But I would have done so with a heavy heart and a furrowed brow, wondering how long I could do that in good conscience. Thinking about this made me push past my anger at the Hampshire College liberals, and find some empathy. I’m not a Trump fan, but it shouldn’t be hard for those who are, and for conservatives in general, to understand why so many Americans are angry and afraid, and feeling alienated from the nation.

I don’t know what we do about this, to be honest, but I do know that we need to be thinking about it, and acting on it. I’ll tell you what’s been on my mind this week: Amos Pierce.

Amos Pierce is the father of actor Wendell Pierce. I got to know him, a bit, working with Wendell on his 2015 memoir The Wind In The Reeds. Amos is a New Orleans native and a decorated World War II veteran. I blogged about Amos’s patriotism here, and I cannot urge you strongly enough to read the whole thing — or even better (much better!), read The Wind In The Reeds. In this passage from the book, Wendell reaches the end of his father’s saga over the combat medals he had earned in the South Pacific, but which a Fort Hood officer processing his discharge stateside denied Amos, saying that “no nigger could have won” all those medals.

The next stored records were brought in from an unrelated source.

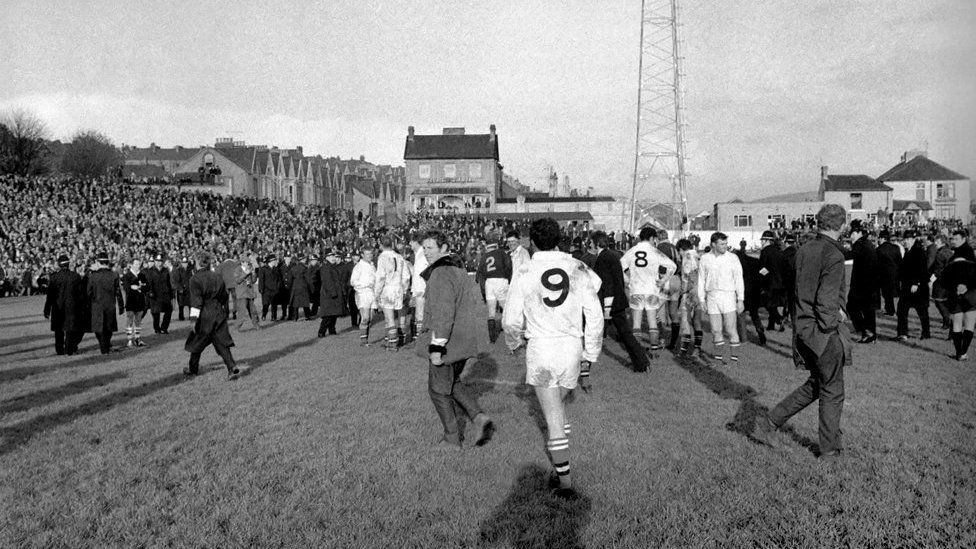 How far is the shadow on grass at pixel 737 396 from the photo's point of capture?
258 inches

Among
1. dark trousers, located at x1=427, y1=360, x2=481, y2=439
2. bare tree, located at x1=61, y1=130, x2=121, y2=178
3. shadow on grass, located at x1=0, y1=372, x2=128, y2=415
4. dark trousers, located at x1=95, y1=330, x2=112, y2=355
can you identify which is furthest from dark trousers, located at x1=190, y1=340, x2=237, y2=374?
bare tree, located at x1=61, y1=130, x2=121, y2=178

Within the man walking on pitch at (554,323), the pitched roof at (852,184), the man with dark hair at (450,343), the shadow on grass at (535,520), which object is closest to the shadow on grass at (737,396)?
the man walking on pitch at (554,323)

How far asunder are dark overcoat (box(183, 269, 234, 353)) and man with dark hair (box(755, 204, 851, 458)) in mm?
7808

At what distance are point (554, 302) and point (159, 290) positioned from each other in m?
14.9

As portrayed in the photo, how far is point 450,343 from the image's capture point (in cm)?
641

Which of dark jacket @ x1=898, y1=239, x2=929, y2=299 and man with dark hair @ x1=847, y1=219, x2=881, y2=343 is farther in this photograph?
dark jacket @ x1=898, y1=239, x2=929, y2=299

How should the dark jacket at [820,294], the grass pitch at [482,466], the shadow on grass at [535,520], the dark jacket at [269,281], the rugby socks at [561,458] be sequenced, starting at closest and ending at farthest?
1. the shadow on grass at [535,520]
2. the grass pitch at [482,466]
3. the rugby socks at [561,458]
4. the dark jacket at [820,294]
5. the dark jacket at [269,281]

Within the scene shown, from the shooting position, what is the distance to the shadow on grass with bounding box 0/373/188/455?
7.12 meters

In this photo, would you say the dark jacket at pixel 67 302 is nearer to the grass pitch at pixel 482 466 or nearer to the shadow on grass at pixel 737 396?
the grass pitch at pixel 482 466

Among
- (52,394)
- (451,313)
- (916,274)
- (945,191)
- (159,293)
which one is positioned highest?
(945,191)

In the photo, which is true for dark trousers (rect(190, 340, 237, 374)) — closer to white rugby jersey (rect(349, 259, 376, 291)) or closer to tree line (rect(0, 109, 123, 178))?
white rugby jersey (rect(349, 259, 376, 291))

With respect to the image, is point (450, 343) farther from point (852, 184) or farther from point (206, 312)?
point (852, 184)

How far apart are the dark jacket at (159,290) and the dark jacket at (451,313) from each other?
1296cm

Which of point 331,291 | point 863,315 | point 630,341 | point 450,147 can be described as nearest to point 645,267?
point 630,341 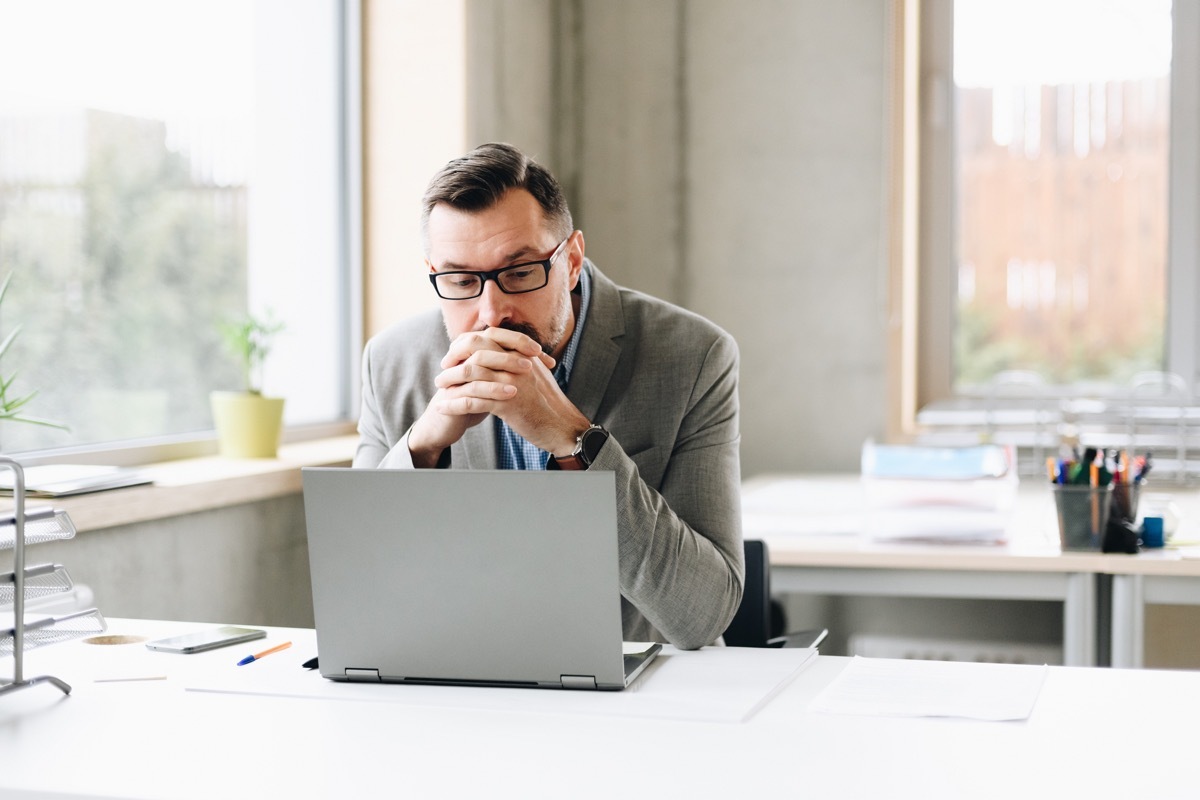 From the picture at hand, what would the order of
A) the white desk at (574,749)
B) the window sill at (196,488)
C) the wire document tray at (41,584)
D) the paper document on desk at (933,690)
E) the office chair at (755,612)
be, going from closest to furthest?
the white desk at (574,749)
the paper document on desk at (933,690)
the wire document tray at (41,584)
the window sill at (196,488)
the office chair at (755,612)

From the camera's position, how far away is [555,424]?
4.88 feet

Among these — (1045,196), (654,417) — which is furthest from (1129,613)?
(1045,196)

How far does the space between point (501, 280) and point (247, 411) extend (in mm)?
1037

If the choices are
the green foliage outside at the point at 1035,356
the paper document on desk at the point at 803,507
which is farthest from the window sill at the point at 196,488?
the green foliage outside at the point at 1035,356

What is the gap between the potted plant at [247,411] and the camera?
2475mm

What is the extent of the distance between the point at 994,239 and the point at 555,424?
2586mm

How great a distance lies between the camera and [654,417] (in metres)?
1.76

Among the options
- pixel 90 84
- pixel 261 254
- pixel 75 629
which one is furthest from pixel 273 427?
pixel 75 629

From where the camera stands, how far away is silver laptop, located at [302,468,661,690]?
1.22 metres

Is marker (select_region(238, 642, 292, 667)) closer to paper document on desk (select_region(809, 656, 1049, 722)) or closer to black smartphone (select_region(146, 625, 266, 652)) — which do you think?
black smartphone (select_region(146, 625, 266, 652))

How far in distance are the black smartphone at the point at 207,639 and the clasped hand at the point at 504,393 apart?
1.12ft

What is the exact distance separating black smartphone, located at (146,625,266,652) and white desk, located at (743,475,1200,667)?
1.13 metres

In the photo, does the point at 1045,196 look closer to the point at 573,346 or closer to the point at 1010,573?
the point at 1010,573

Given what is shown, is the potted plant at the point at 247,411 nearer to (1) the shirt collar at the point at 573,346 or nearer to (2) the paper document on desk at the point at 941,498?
(1) the shirt collar at the point at 573,346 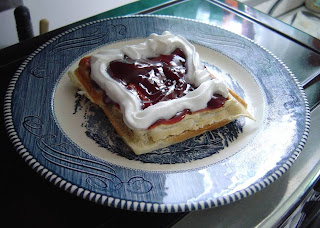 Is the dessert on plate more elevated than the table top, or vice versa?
the dessert on plate

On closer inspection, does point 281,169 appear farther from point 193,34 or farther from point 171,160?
point 193,34

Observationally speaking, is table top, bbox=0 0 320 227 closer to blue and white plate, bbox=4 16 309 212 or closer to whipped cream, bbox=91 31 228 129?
blue and white plate, bbox=4 16 309 212

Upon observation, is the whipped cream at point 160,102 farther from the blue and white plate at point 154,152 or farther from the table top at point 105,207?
the table top at point 105,207

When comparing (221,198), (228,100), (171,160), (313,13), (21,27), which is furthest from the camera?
(313,13)

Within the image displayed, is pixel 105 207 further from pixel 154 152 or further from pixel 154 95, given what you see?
pixel 154 95

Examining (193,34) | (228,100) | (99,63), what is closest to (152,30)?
(193,34)

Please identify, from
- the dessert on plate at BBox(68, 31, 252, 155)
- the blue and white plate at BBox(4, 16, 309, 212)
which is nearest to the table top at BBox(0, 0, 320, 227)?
the blue and white plate at BBox(4, 16, 309, 212)

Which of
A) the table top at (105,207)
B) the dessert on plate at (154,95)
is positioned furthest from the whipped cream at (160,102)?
the table top at (105,207) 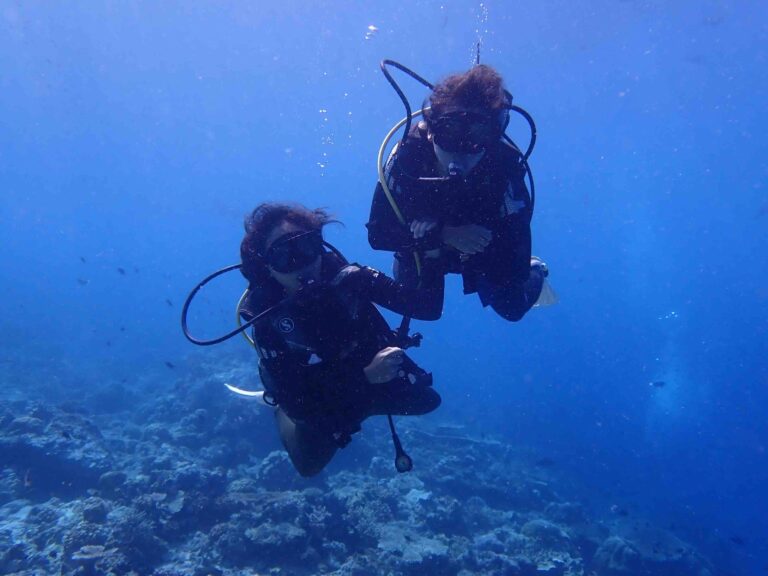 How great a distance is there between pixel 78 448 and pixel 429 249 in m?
14.8

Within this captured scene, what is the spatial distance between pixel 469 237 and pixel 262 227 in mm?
1758

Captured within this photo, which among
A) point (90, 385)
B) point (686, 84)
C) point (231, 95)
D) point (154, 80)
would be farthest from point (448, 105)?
point (154, 80)

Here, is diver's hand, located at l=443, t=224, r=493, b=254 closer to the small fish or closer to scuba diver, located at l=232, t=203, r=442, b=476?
scuba diver, located at l=232, t=203, r=442, b=476

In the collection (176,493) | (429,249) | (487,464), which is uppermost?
(487,464)

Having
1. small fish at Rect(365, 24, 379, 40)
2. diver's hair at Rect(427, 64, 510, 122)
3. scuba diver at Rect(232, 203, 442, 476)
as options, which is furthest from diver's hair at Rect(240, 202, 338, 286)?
small fish at Rect(365, 24, 379, 40)

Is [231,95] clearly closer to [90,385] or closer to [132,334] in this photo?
[132,334]

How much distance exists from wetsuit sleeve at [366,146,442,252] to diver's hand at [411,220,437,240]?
92mm

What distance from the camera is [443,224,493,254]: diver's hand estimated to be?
3.69 m

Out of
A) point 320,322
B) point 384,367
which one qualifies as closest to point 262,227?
point 320,322

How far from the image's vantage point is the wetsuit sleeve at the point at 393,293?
12.8 feet

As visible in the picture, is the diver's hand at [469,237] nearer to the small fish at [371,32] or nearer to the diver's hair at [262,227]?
the diver's hair at [262,227]

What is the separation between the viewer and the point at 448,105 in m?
3.80

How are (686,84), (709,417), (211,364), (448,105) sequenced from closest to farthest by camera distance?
(448,105) → (211,364) → (686,84) → (709,417)

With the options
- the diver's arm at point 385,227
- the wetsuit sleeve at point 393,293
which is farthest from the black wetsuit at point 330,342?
the diver's arm at point 385,227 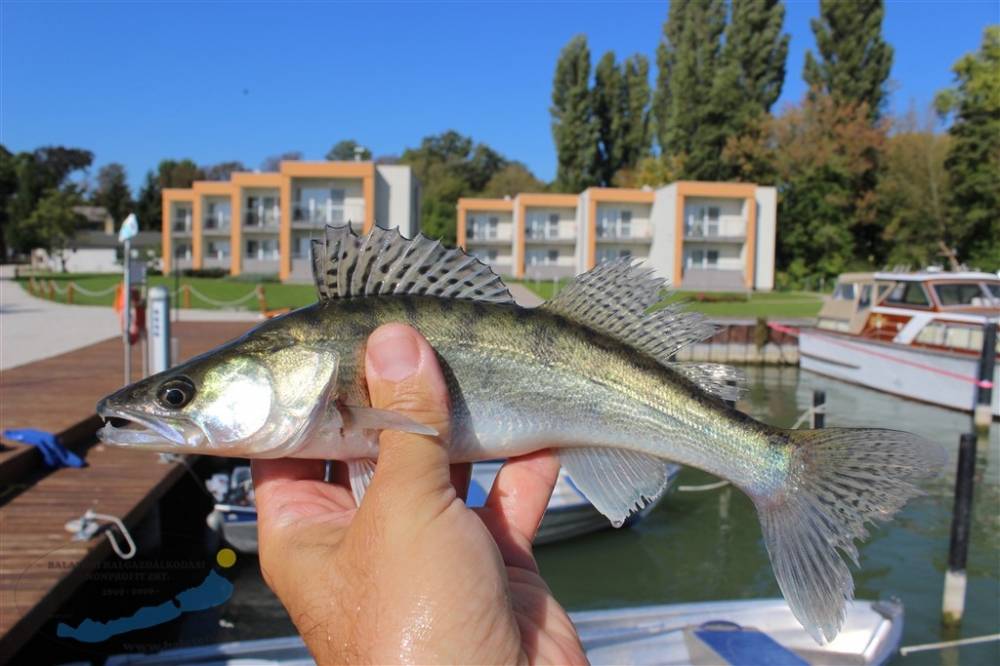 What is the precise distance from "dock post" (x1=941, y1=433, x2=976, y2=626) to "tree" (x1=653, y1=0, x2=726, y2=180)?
173ft

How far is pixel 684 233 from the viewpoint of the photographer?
5459 cm

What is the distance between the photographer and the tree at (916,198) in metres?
49.5

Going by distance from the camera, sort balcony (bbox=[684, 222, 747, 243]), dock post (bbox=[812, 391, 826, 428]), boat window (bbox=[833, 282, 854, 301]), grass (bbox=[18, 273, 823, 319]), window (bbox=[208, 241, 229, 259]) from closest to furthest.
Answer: dock post (bbox=[812, 391, 826, 428]) → boat window (bbox=[833, 282, 854, 301]) → grass (bbox=[18, 273, 823, 319]) → balcony (bbox=[684, 222, 747, 243]) → window (bbox=[208, 241, 229, 259])

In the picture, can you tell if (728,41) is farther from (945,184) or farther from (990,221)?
(990,221)

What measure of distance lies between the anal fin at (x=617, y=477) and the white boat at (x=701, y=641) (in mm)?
3494

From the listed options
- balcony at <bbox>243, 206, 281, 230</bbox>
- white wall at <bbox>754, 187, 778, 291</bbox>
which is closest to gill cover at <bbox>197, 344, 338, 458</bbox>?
balcony at <bbox>243, 206, 281, 230</bbox>

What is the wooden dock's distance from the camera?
5527 millimetres

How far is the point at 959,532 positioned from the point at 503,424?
8322 millimetres

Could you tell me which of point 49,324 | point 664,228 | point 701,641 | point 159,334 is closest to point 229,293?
point 49,324

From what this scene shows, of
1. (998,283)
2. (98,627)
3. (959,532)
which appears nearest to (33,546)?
(98,627)

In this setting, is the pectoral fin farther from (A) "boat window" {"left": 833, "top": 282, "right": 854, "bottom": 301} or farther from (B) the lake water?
(A) "boat window" {"left": 833, "top": 282, "right": 854, "bottom": 301}

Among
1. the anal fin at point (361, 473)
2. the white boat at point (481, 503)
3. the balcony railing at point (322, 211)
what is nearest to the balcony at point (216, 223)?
the balcony railing at point (322, 211)

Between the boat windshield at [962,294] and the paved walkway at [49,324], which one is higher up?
the boat windshield at [962,294]

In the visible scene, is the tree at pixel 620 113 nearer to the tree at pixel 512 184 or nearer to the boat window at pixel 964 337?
the tree at pixel 512 184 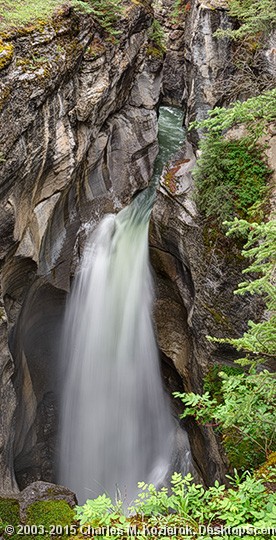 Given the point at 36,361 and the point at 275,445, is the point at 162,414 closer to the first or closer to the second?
the point at 36,361

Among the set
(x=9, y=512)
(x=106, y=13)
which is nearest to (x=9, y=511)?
(x=9, y=512)

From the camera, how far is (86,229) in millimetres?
13352

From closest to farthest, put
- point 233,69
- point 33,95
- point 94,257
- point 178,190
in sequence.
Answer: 1. point 33,95
2. point 178,190
3. point 233,69
4. point 94,257

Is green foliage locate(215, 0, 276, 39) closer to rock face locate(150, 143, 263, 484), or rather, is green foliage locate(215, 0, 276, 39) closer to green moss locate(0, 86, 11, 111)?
rock face locate(150, 143, 263, 484)

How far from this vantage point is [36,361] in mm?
11766

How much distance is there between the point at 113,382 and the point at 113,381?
0.03m

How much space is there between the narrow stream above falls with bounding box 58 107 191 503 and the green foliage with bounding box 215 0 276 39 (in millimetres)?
6086

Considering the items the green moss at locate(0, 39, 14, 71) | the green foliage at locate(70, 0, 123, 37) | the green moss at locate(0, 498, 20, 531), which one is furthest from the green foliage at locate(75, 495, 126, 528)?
the green foliage at locate(70, 0, 123, 37)

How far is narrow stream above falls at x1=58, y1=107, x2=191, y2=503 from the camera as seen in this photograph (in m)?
11.4

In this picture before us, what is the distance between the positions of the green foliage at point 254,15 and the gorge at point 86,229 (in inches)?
19.0

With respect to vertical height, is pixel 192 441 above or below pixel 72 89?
below

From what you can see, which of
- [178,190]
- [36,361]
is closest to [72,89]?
[178,190]

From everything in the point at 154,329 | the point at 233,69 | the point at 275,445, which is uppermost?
the point at 233,69

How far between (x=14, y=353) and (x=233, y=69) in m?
10.3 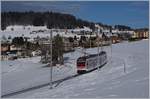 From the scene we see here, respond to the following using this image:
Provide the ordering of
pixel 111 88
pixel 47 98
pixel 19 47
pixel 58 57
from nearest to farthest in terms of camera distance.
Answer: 1. pixel 47 98
2. pixel 111 88
3. pixel 58 57
4. pixel 19 47

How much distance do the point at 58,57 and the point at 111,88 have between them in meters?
51.0

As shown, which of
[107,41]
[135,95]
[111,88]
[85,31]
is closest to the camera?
[135,95]

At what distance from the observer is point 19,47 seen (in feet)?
480

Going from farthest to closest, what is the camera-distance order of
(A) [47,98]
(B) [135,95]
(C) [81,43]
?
(C) [81,43] → (A) [47,98] → (B) [135,95]

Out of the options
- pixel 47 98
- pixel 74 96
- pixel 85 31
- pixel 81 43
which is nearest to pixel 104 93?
pixel 74 96

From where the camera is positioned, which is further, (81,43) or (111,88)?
(81,43)

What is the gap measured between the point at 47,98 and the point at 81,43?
13381 centimetres

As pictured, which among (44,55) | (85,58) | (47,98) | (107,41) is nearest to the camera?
(47,98)

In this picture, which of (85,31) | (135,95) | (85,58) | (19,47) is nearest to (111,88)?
(135,95)

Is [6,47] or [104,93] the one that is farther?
[6,47]

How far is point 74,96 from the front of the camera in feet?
79.2

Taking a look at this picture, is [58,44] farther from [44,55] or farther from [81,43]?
[81,43]

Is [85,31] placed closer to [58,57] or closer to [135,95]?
[58,57]

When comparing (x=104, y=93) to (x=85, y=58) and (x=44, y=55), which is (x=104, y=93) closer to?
(x=85, y=58) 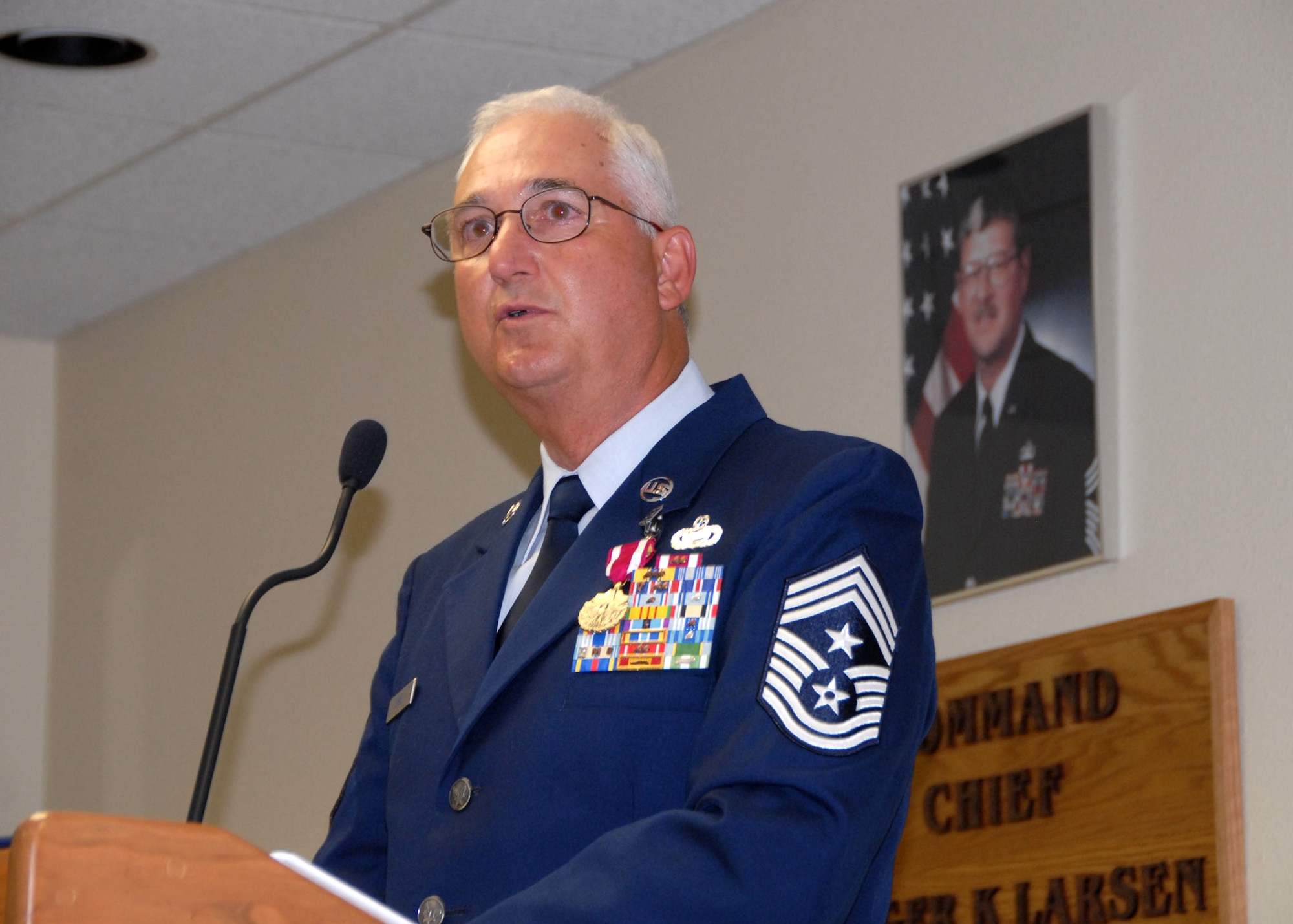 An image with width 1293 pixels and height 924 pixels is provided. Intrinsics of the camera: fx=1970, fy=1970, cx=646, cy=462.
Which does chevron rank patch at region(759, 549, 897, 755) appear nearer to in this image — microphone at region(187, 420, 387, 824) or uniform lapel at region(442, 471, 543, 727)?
uniform lapel at region(442, 471, 543, 727)

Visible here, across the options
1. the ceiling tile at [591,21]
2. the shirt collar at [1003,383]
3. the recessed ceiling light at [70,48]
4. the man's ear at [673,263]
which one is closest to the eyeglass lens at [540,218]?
the man's ear at [673,263]

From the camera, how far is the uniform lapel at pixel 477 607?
1.95m

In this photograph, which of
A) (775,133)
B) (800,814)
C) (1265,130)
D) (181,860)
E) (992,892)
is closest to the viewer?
(181,860)

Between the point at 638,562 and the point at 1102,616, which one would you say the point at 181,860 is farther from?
the point at 1102,616

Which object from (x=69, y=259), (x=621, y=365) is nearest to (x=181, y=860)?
(x=621, y=365)

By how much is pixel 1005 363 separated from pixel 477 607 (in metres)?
1.41

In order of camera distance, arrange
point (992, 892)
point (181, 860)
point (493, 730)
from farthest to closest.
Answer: point (992, 892), point (493, 730), point (181, 860)

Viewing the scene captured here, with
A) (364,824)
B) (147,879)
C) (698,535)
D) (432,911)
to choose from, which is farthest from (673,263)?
(147,879)

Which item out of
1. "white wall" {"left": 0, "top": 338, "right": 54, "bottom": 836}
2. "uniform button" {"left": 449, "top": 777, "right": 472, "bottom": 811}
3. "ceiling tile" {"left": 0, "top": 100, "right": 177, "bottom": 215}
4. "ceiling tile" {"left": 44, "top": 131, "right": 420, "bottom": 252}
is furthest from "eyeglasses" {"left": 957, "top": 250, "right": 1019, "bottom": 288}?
"white wall" {"left": 0, "top": 338, "right": 54, "bottom": 836}

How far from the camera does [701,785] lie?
1.59 metres

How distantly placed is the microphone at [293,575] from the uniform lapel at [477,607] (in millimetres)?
178

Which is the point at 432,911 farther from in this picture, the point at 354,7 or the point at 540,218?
the point at 354,7

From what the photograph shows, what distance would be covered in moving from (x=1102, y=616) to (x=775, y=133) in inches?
50.9

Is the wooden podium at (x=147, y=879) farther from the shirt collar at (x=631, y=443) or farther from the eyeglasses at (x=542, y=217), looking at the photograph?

Amos kept that humiliation to himself, and never let the sons he would later have know what America had done to their father, because he was black. Amos raised his boys to be patriots, even though they were born into a segregated America. In this passage, Wendell remembers being at the fights in New Orleans with his dad at some point in the late 1960s or early 1970s, during the heyday of the Black Power movement:

That night at the Municipal Auditorium, the national anthem began to sound over the PA system, signaling that the fights would soon begin. Everyone stood, except some brothers sitting in the next row down from us. They looked up at my father and said, “Aw, Pops, sit down.”

“Don’t touch me, man,” growled my dad.

“Sit down! Sit down!” they kept on.

“Don’t touch me,” he said. “I fought for that flag. You can sit down. I fought for you to have that right. But I fought for that flag too, and I’m going to stand.”

Then one of the brothers leveled his eyes at Daddy, and said, “No, you need to sit down.” He started pulling on my father’s pants leg.

That was it. “You touch me one more time,” my father roared, “and I’m going to kick you in your f—-ng teeth.”

The radical wiseass turned around and minded his own business. That was a demonstration of black power that the brother hadn’t expected.

At some point over the last decade, Wendell found out that his father had been denied medals he earned. He enlisted the help of the local media, and then-US Sen. Mary Landrieu, to get to the bottom of it, and to right that injustice. Once the Defense Department discovered what it — what the nation — owed to Amos Pierce, it set up a medal awards ceremony at the World War II Museum in New Orleans. Wendell takes us there:

[Black veterans] loved the country that persecuted them, and treated them like the enemy. To me, that is a vision of supreme patriotism. It’s like my father always said to my brothers and me, every time we would see a triumph of American ideals: “See, that’s why I fought for that flag!”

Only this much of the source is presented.